MIOPIA
Um poema sobre Condessa da Antevidência

– Sensor eletrônico de rastreio – diz Condessa da Antevidência, sacudindo o bracelete de plástico.

Condição ditada pelos termos de sua recente condicional.

Condessa da Antevidência no palco, enrolada nas teias de um xale preto de renda.

Um turbante de veludo azul em volta da cabeça.

Um anel com pedras de várias cores em cada dedo.

Seu turbante, preso na frente com uma pedra preta polida, ônix, azeviche ou sardônica,

alguma pedra que absorve toda luz. Reflete nada.

No palco, em vez do refletor, o fragmento de um filme:

Sombras de estrelas de cinema falecidas, o resíduo de elétrons que quicaram nelas

cem anos atrás.

Estes elétrons passaram por uma película de celulose,

para transformar a natureza química do óxido de prata

e recriar corridas de biga, Robin Hood, Greta Garbo.

– Radares – diz Condessa. – Sistemas de posicionamento global. Exames de raios X…

Duzentos anos atrás, essas coisas levariam você para a fogueira, que nem bruxa.

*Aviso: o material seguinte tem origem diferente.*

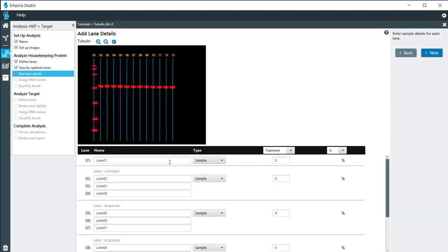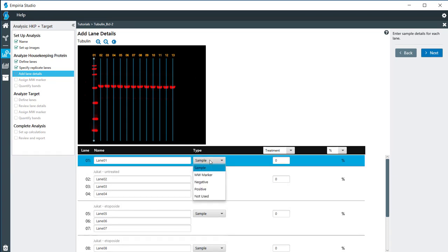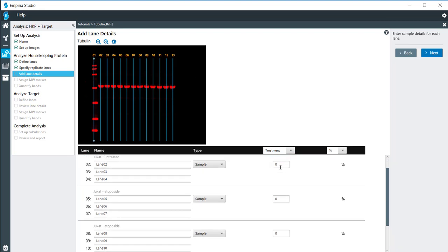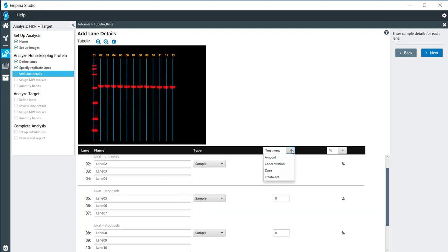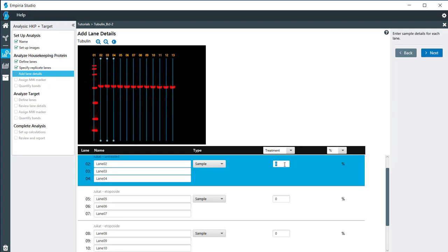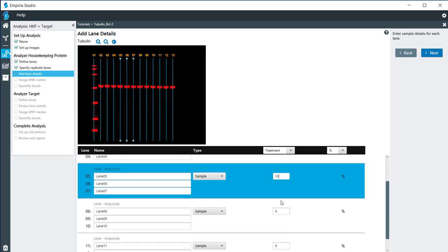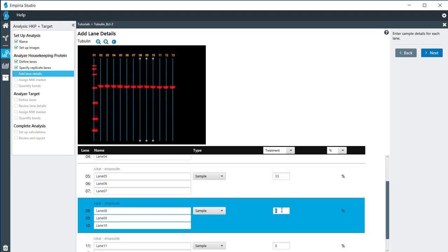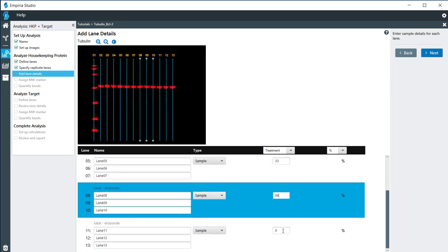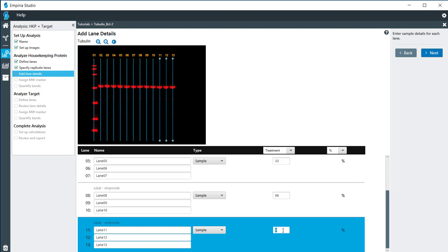My first lane here is the molecular weight marker, so I'm going to label that as the molecular weight. There was no treatment, so I don't need to put anything in that section. You can also add the amount of drug that was used, the concentration, dosage. But for this western, I'm going to use treatments. And so for my untreated lanes, those have zero. I have then 33%, 66%, and 100%.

Um século atrás, você seria pelo menos motivo de riso. Chamavam você de idiota ou de mentiroso.

Mesmo hoje, se você prevê o futuro ou lê o passado pelos indicadores

que nem todo mundo consegue identificar…

é a prisão ou o hospício que você vai acabar chamando de lar.

O mundo sempre vai castigar os poucos que têm talentos

especiais

que o restante de nós não reconhece como reais.

Um psicólogo na audiência de condicional dela chamou seu crime de “psicose aguda induzida pelo estresse”.

Um “episódio isolado, atípico”.

Crime passional.

Que nunca, nunca mais aconteceria.

Bata na madeira.

Àquela altura, ela já havia cumprido quatro anos de uma sentença de vinte.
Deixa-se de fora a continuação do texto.